Inspiration

The idea for FinanceJockey was inspired by the challenge everyday investors face when trying to make sense of overwhelming financial data — dense annual reports, volatile stock prices, and the constant stream of financial news.

We asked ourselves: What if there was a smarter way to combine all these signals into one intelligent assistant? One that not only reads reports and news like a financial analyst but also thinks like a strategist — providing personalized insights and actionable trading recommendations in real time.

We were particularly motivated by: -The rise of Retrieval-Augmented Generation (RAG) models and their potential to unlock insights from long, complex documents. -The gap between raw financial data and real-world investment decisions. -The vision of making financial literacy, analysis, and forecasting more accessible through conversational AI and intuitive design. -With the rapid growth of LLMs, sentiment analysis tools, and real-time APIs, we saw the perfect opportunity to build something that could change how people interact with the stock market — not just by informing them, but by helping them think, simulate, and act like professionals.

What it does

FinanceJockey is an advanced AI-powered financial assistant that empowers users to make informed investment and trading decisions by integrating company annual reports, live news, and real-time stock prices. Here are some of it's functions:

📄 Interprets Annual Reports: Uses Retrieval-Augmented Generation (RAG) to extract, understand, and summarize data from company annual reports — including text, tables, and financial metrics.

🧠 Smart Chatbot Interface: Allows users to interact with financial documents conversationally — ask questions like “What were Apple’s net earnings in 2023?” or “Compare R&D spending over the last two years.”

📈 Live Market Intelligence: Pulls in real-time stock prices and live financial news to build a comprehensive, up-to-date picture of a company’s market position.

📰 Sentiment Analysis on News: Analyzes tone and content of current news articles to predict short-term market sentiment, helping users understand if a stock is likely to move up or down.
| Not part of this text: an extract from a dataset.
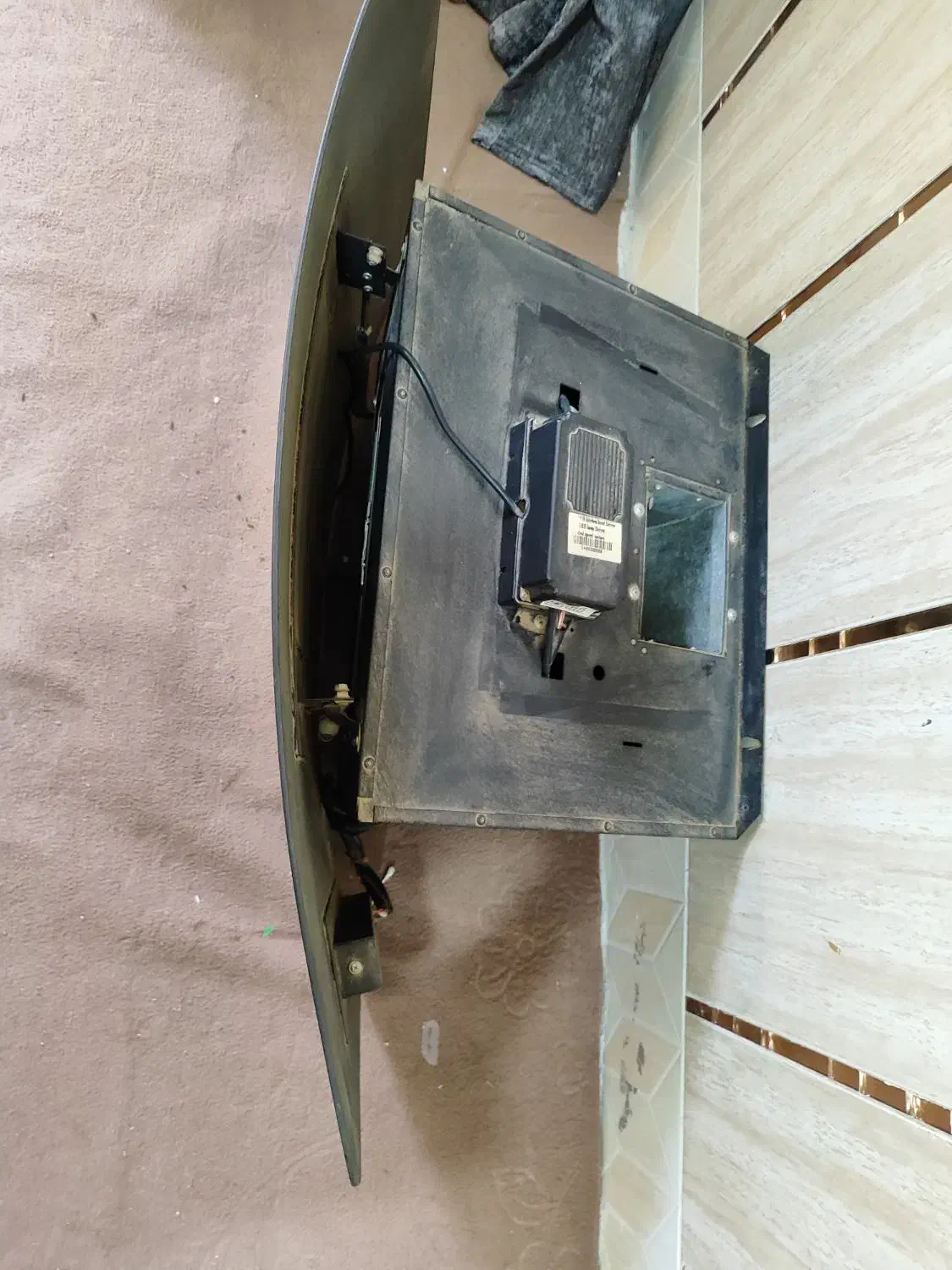 هود|هود|زابل, |دیوار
🔮 Price Movement Predictions: Combines historical price data, company fundamentals, and news sentiment to forecast potential gains or losses.

💸 Actionable Trading Recommendations: Offers detailed buy/sell/hold suggestions with specific share amounts, entry points, price targets, and risk metrics, tailored to both short-term traders and long-term investors.
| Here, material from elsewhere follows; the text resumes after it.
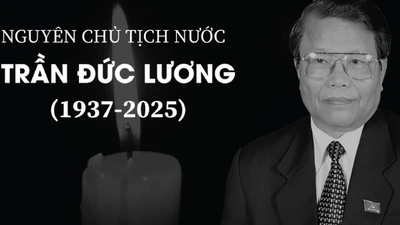 Viếng nguyên Chủ tịch nước Trần Đức Lương tại Quảng Ngãi không mang vòng hoa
📊 Investor Strategy Guidance: Dynamically adapts its recommendations based on the user’s goal (e.g., growth vs. value investing), providing personalized insights for different investment horizons.

How I built it

It built by combining AI, finance, and real-time data pipelines into a seamless and interactive user experience. Here is the breakdown:

📄 PDF Parsing & Embedding -Extracted text, tables, and images from annual report PDFs. -Implemented a custom chunking strategy to prepare the documents for embedding using transformer-based models.
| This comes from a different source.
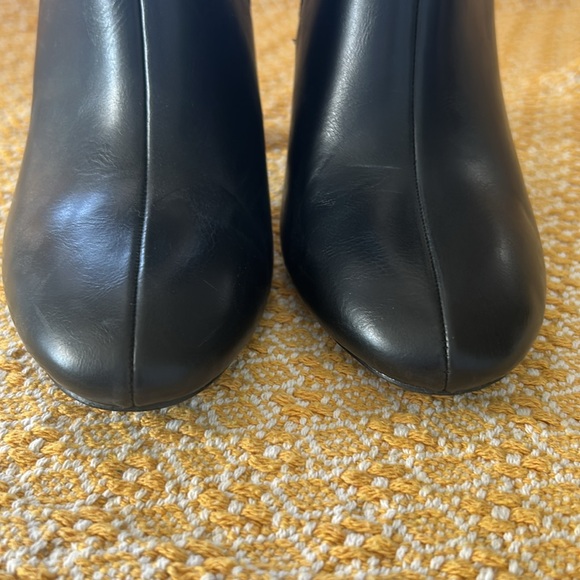 Journee Collection Black and Red Heeled Boots - Picture 5 of 8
🔍 Retrieval-Augmented Generation (RAG) -Built a RAG pipeline where user queries are matched to the most relevant report content using vector similarity. -Integrated OpenAI’s GPT-4 as the language model to generate natural language answers grounded in the reports, news, and stock data.

📈 Real-Time Stock & News Integration -Pulled live stock prices and company fundamentals via financial APIs. -Integrated live news feeds using scraping and/or news APIs to monitor headlines, articles, and press releases in real-time. -Applied sentiment analysis models (VADER) to assess whether the news is bullish, bearish, or neutral.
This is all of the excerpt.